§ **Problem to work on**
Keep the pictures out. Write out every line of the listing exactly.

§ **Source material**
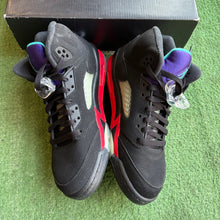Load image into Gallery viewer, Jordan Top 3 5s Size 7Y
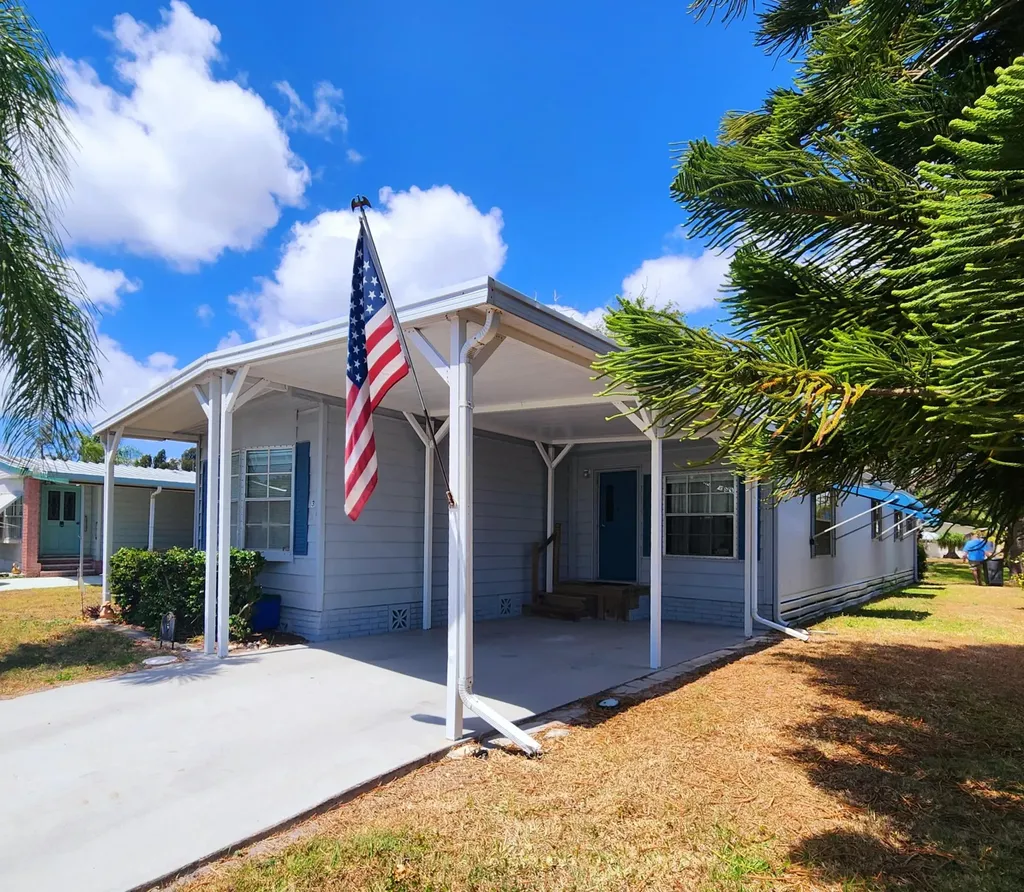 3 El Morrow Port St Lucie FL 34952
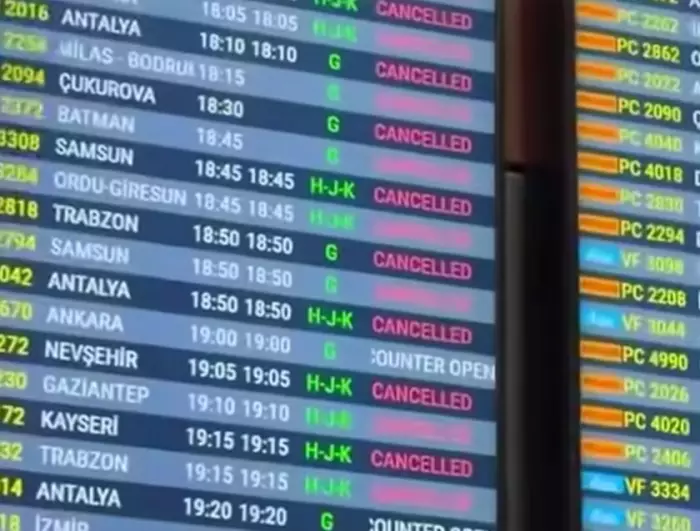 إلغاء مئات الرحلات في مطار إسطنبول واستمرار الحرب في الشرق الأوسط يضرب حركة الطيران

§ **Output**
Load image into Gallery viewer, Jordan Top 3 5s Size 7Y
 3 El Morrow Port St Lucie FL 34952
 إلغاء مئات الرحلات في مطار إسطنبول واستمرار الحرب في الشرق الأوسط يضرب حركة الطيران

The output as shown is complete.